There’s some interesting things going on here. Randau sort of admits that you can get away with reconstructing a poorly-known ancient language and not subtitling it only if there isn’t much talking. Does this give the impression that Ötzi and his companions didn’t speak much? I’d have to see the whole film to be sure. But from the trailer, it does seem that speech is being used in plausible ways. And it’s good that it’s clear that the language is reconstructed.

So what are the actors actually speaking? As Randau hints, we have no evidence for what was being spoken in the Alps in 3100 BC. The use of the alphabet did not reach Italy until around 900 BC, and all our evidence of Rhaetic necessarily dates from later than that.
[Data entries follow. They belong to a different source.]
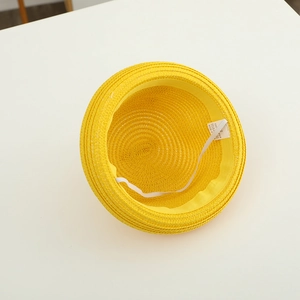 Détail du chapeau de soleil en paille jaune avec étiquette 100 % papier et mentonnière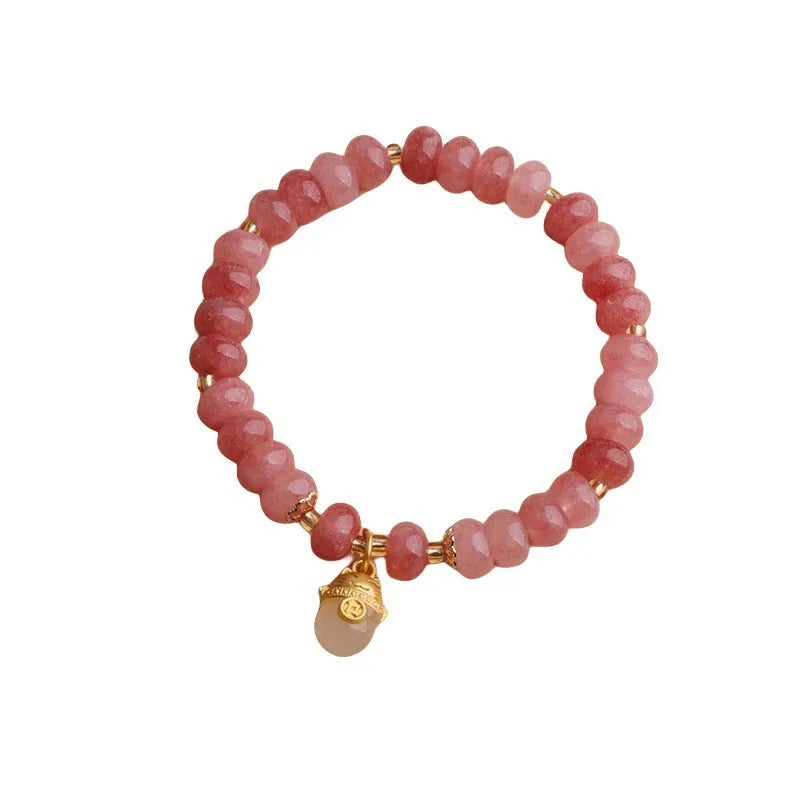 Women's handmade strawberry quartz Lucky Cat bracelet on a neutral background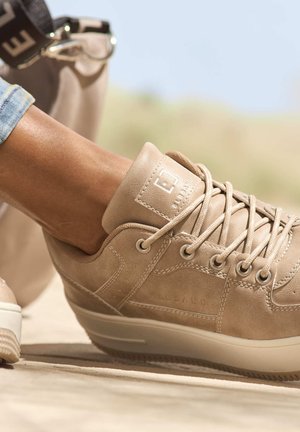 Beige leather sneaker with rounded toe, laces, and padded collar. Features a textured surface and subtle logo detail on the side.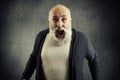 Screaming senior man with beard over dark wall Royalty Free Stock Photo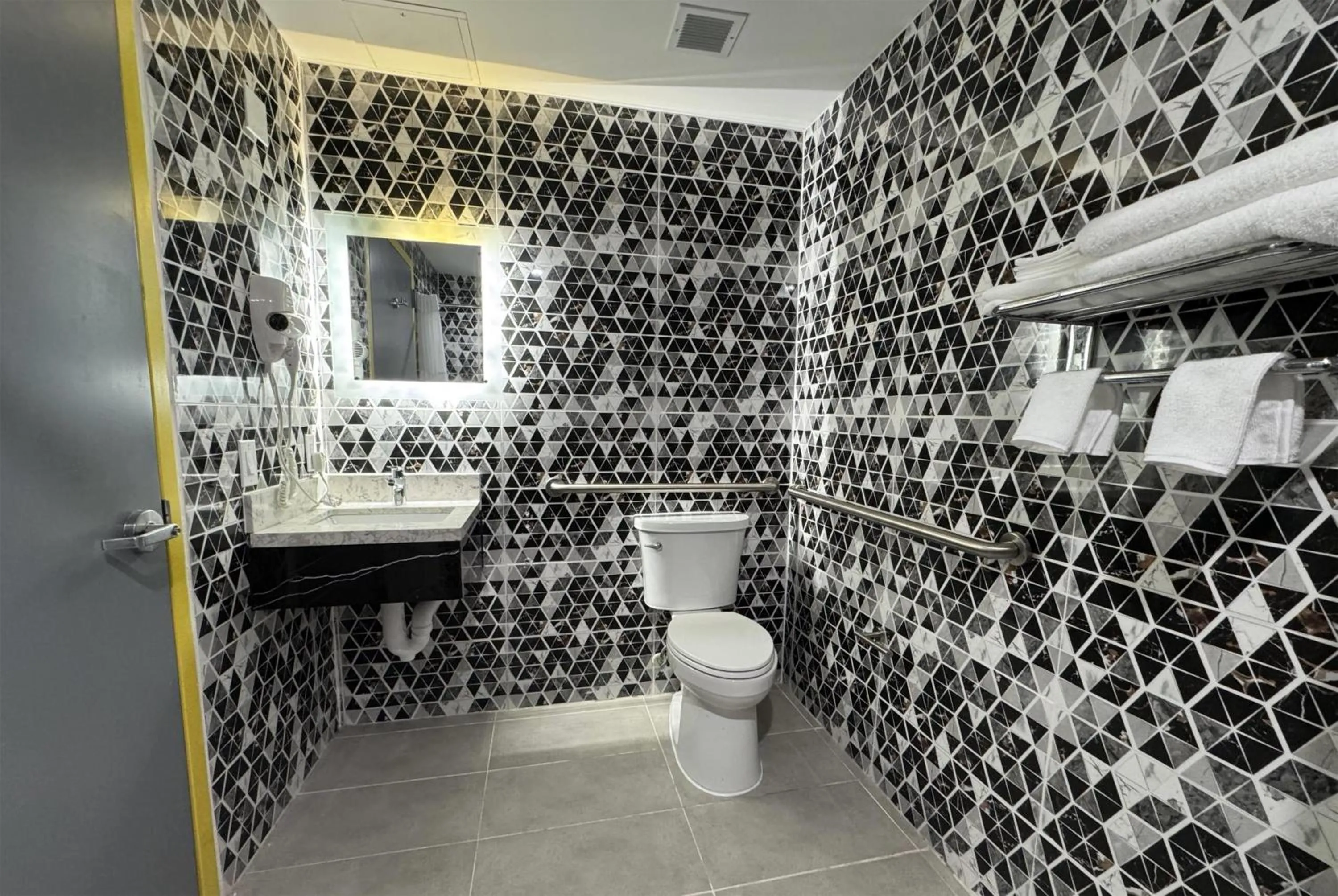 Bathroom in Days Inn by Wyndham New York Chinatown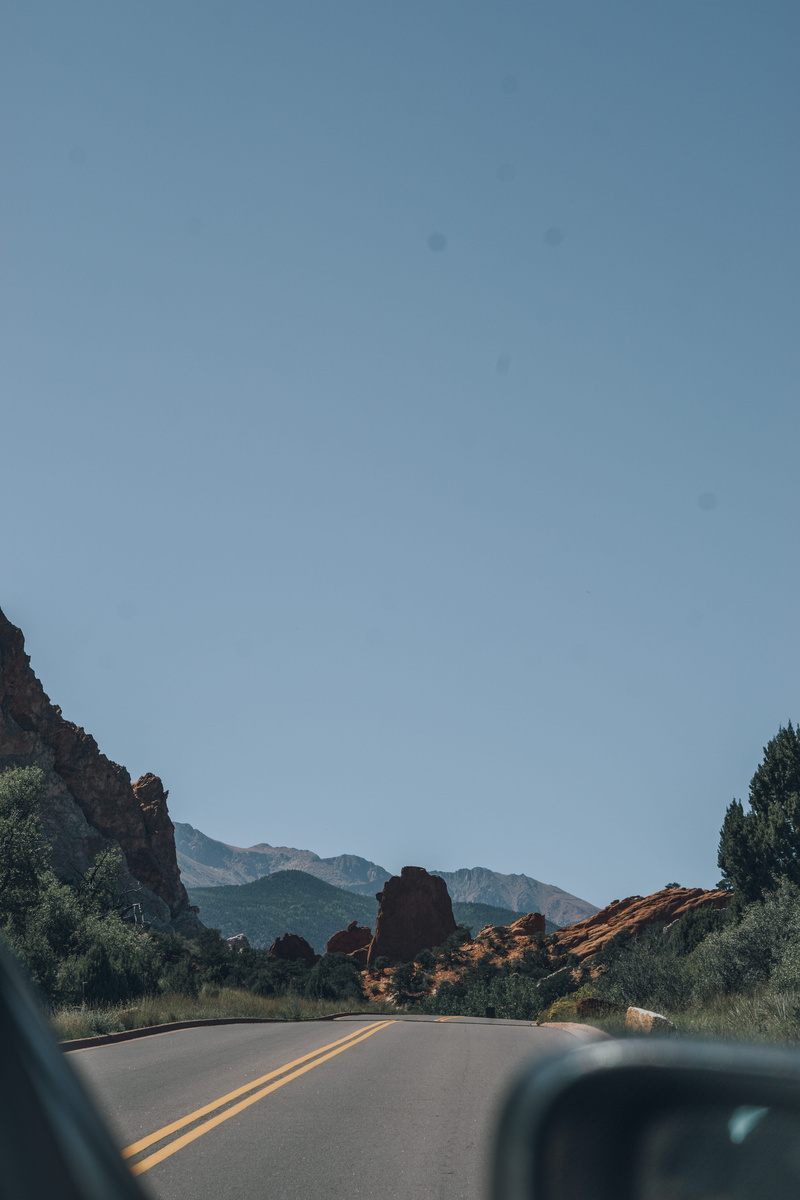outdoors, sky, trees, clear sky, on the move, colorado, road, open road, garden of the gods road, car, 5K, road trip, the way forward, car point of view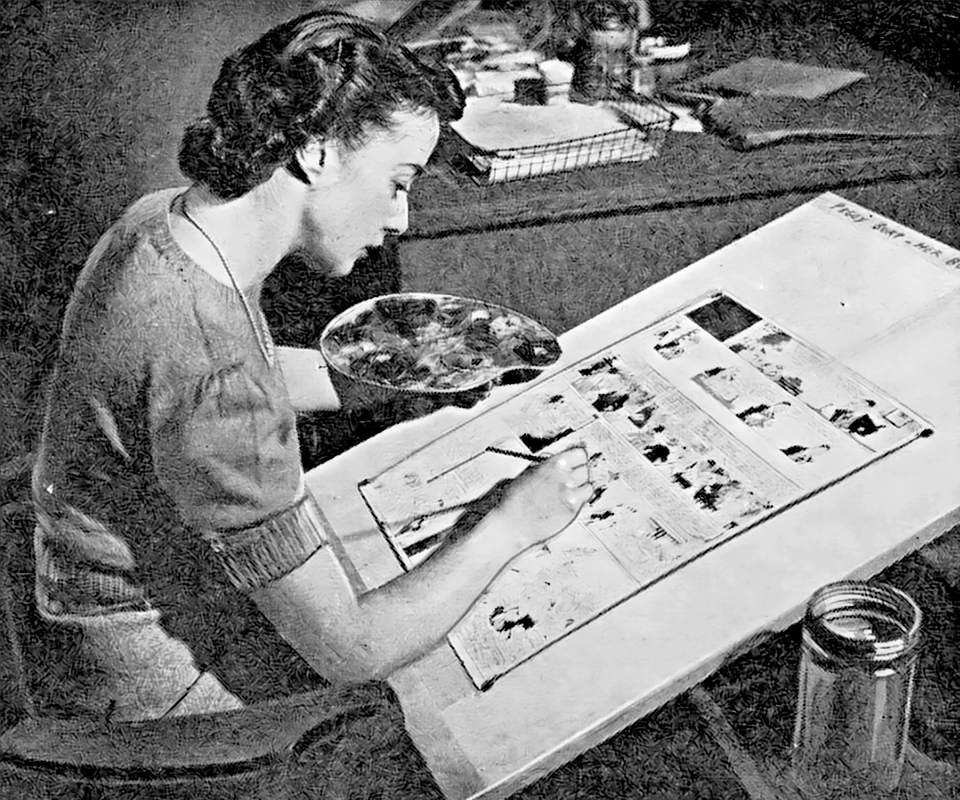 Woman with color ink palette in hand using a brush to draw colors onto a large-format (full page) comic strip proof on a drawing board to indicate colors for engraving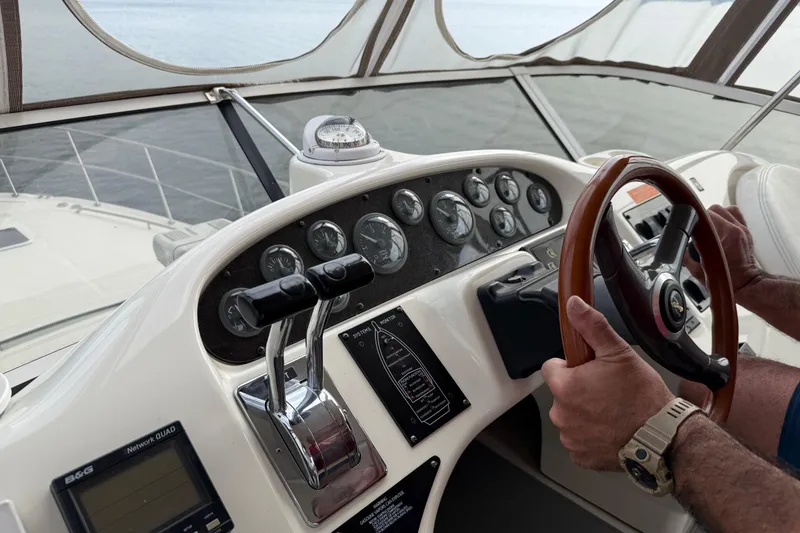 Slide: The Image of Helm of 1996 Sea Ray 420 Aft Cabin with gauges and steering wheel. - 13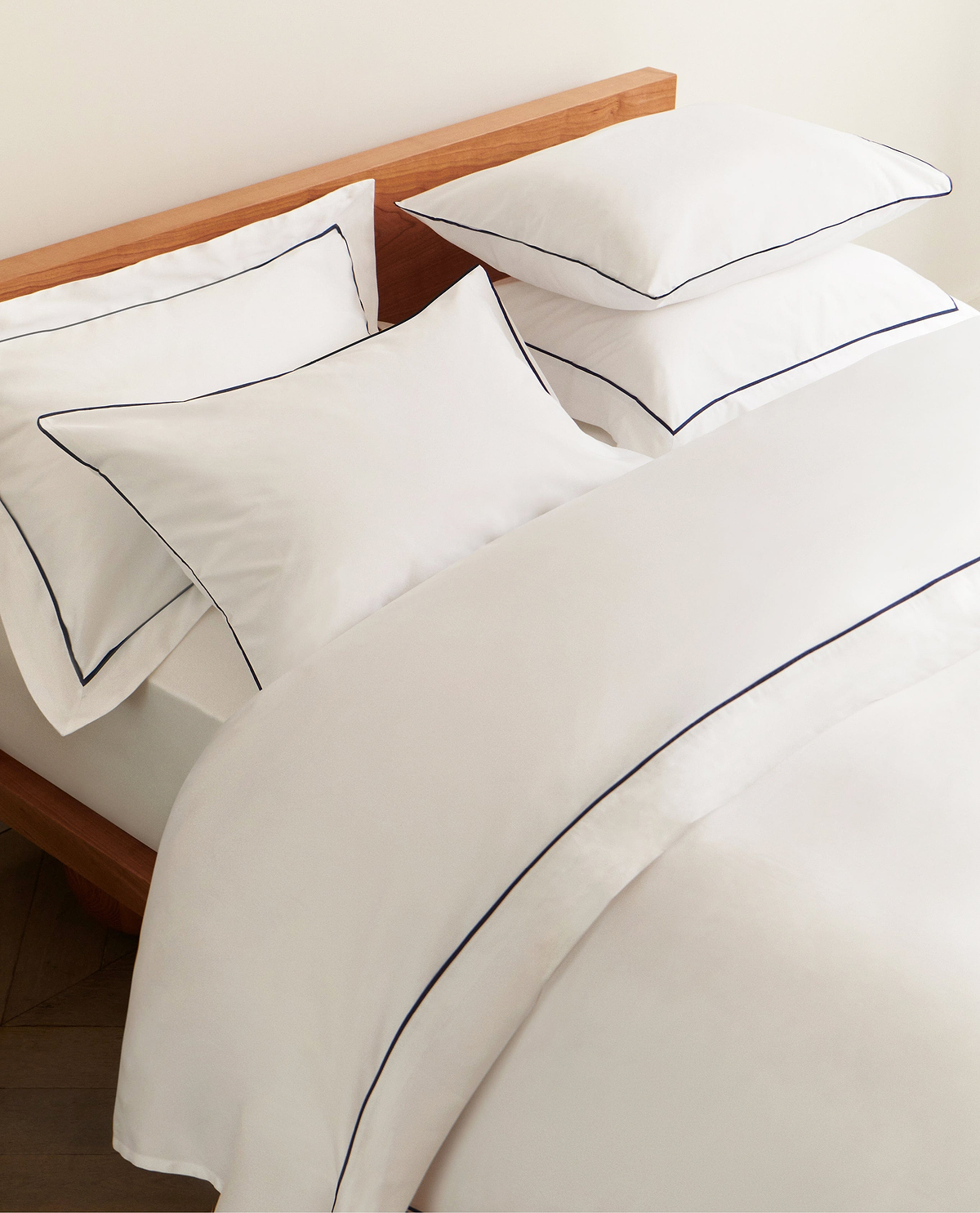Image 4 of 4 showing Rise & Fall's Crisp & Cool Organic Cotton Oxford Pillowcase Set, colour: white navy piping.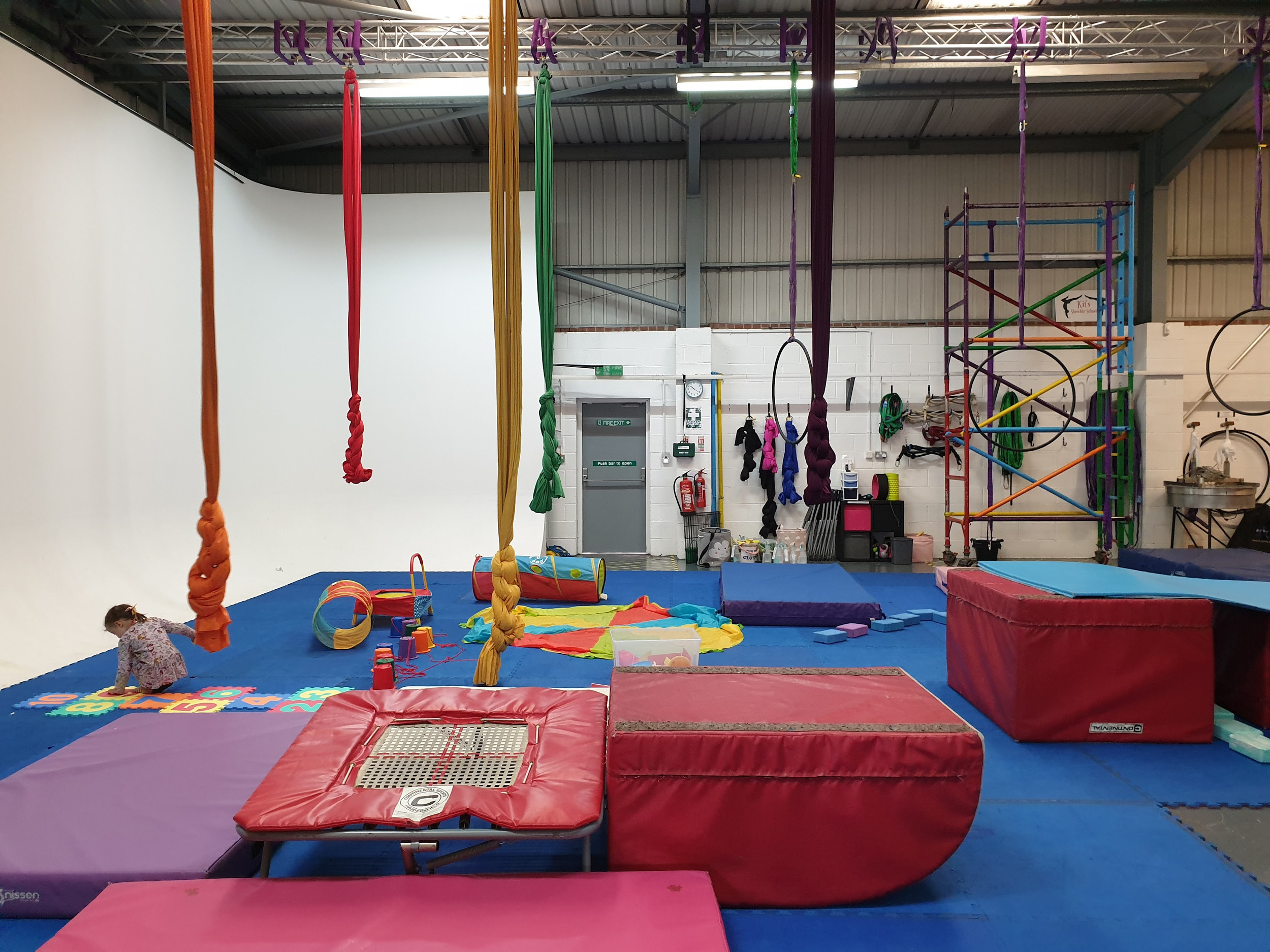 Acrobalance in Cloud Aerial Arts with colorful silks for dynamic events and fitness classes.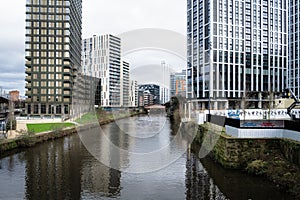 River Irwell running through the center of Manchester UK modern office and apartment building.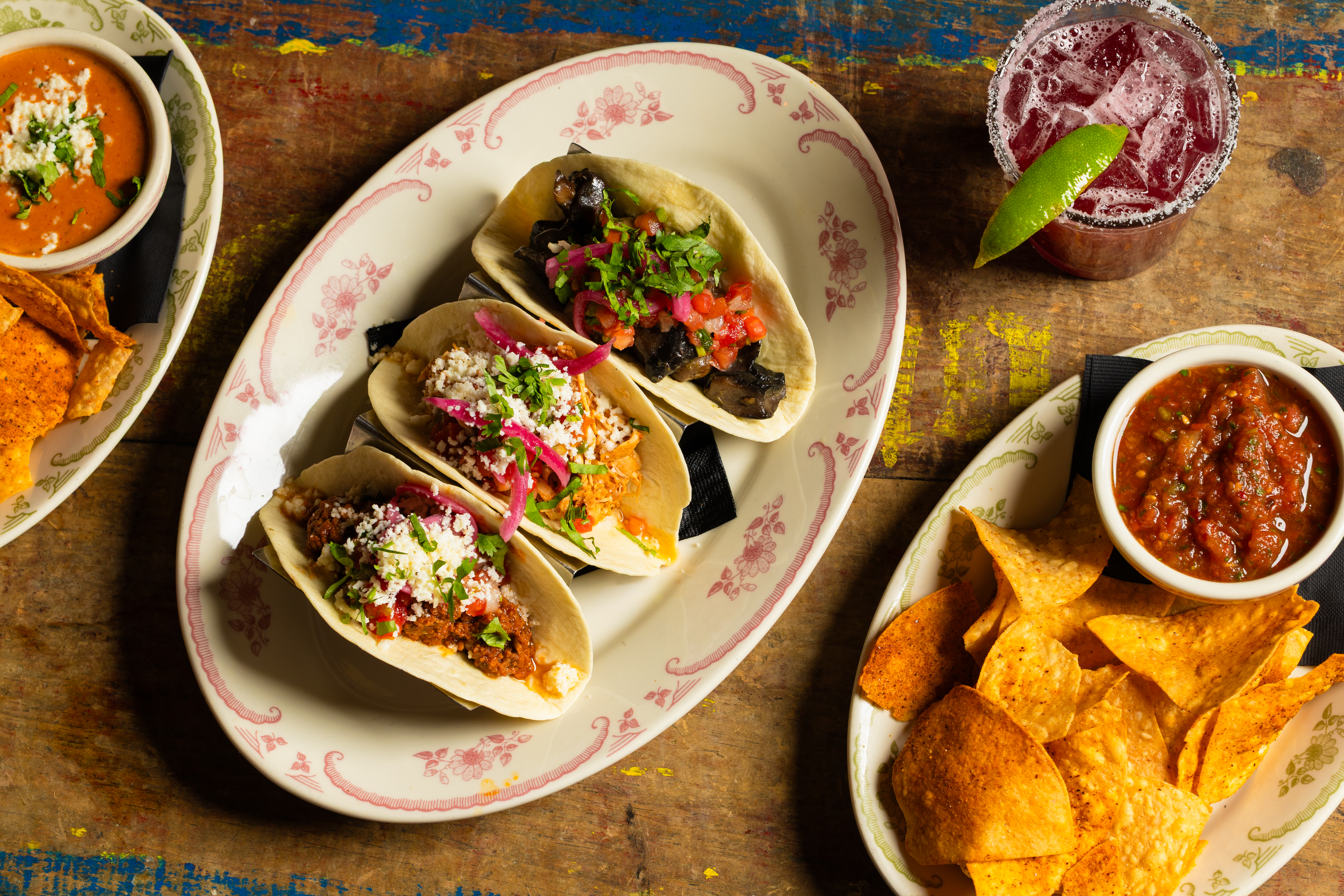 Three street tacos with a margarita, chips and salsa at Rocco's Tacos & Tequila Bar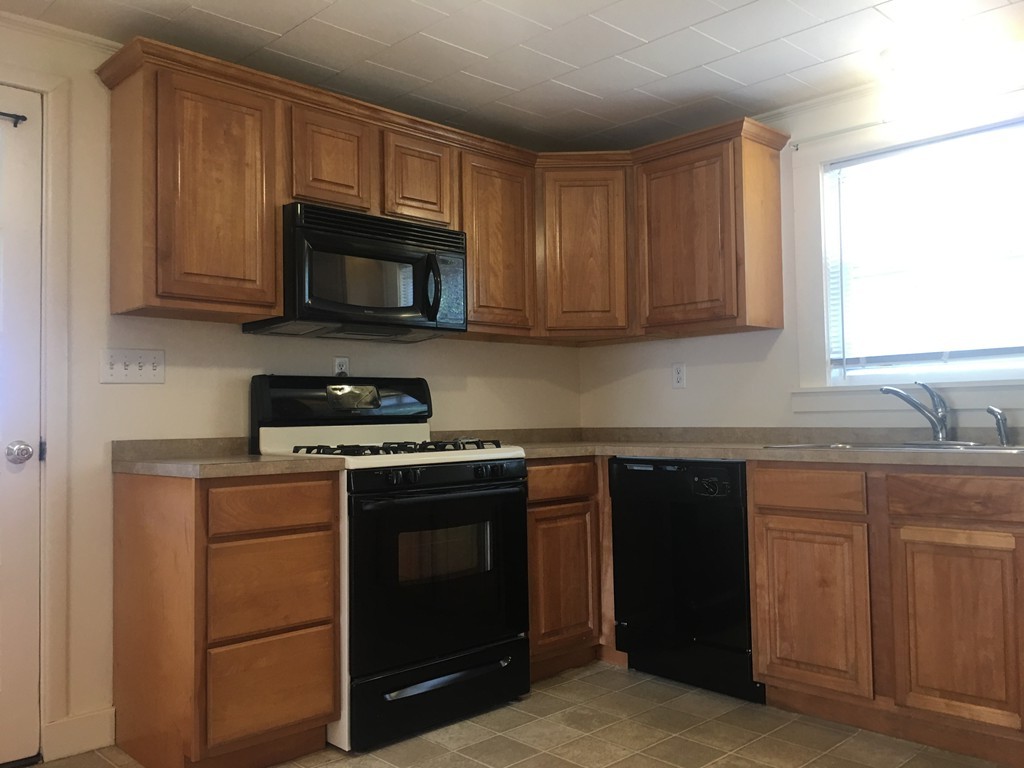 135 Old Coldbrook Road Barre, MA 01005 - Photo 6 of 7 a kitchen with granite countertop wooden cabinets and a stove top oven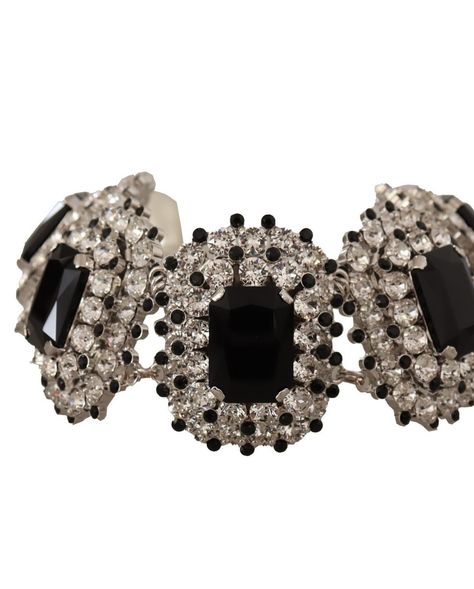 Dolce & Gabbana Elegant Crystal Choker Necklace https://www.thegraycrab.com/products/dolce-gabbana-elegant-crystal-choker-necklace Adorn your neckline with the epitome of elegance with this stunning Dolce & Gabbana choker necklace. This accessory is the perfect blend of luxury and craftsmanship, featuring a dazzling mix of clear and black crystals set against a lustrous silver-tone backdrop. Its exquisite design secures with a lobster clasp closure, ensuring a comfortable fit for any specia... Elegance Fashion, Accessories Model, Intimate Dinner, Crystal Choker Necklace, Crystal Choker, Crystal Set, Black Crystals, Exquisite Design, Crab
Probably most of it is from after 500 BC. So, Ötzi is chronologically as far, or futher, from the surviving written evidence of Rhaetic as we are. (Or, alternatively, we might say that Ötzi is further from Rhaetic than the Romans are from BBC English…)

There’s no particular reason Ötzi would have been speaking anything even remotely similar to Rhaetic. Rhaetic is (probably) in a language family with Etruscan and Lemnian, sometimes called the Tyrrhenian language family, and we know little to nothing about their history before the first millennium BC. As this old comments thread discusses (several years before the film) , we’re getting into too many hypotheticals to be sure of anything about the languages that were spoken in this period. It’s possible that Indo-European languages were spoken in the region; but it’s possible they hadn’t spread this far yet. It’s possible that some proto-Tyrrhenian language was spoken, but who knows? It’s possible that people were still speaking some ‘Old European’ language that predates both PIE and Tyrrhenian languages in the area – but we know little to nothing about these, barring possibly survivals of place names. Certainly we have no evidence that allows us to project any kind of language situation back to 3100 BC.

Still, it’s a fun and interesting idea to try to reconstruct a kind of proto-Rhaetic and use it in a film, and I like that this kind of experiment comes around periodically. So what would this language have been like? A few words from the film are transcribed in this article in Nature (I assume by the reviewer). I don’t know how the linguist on the film went about his reconstruction, but if it were me I might use some Etruscan vocabulary in the mix as well. (Some people link Rhaetic to the Celtic languages, though, so they might have gone down that route instead.)

From the trailer, it seems like ceremonial, religious language is well-represented in the film, and that’s probably the only kind of Rhaetic vocabulary we can be sure of. Here’s a typical Rhaetic text: an inscribed antler, used as a votive dedication. (Image from this site.)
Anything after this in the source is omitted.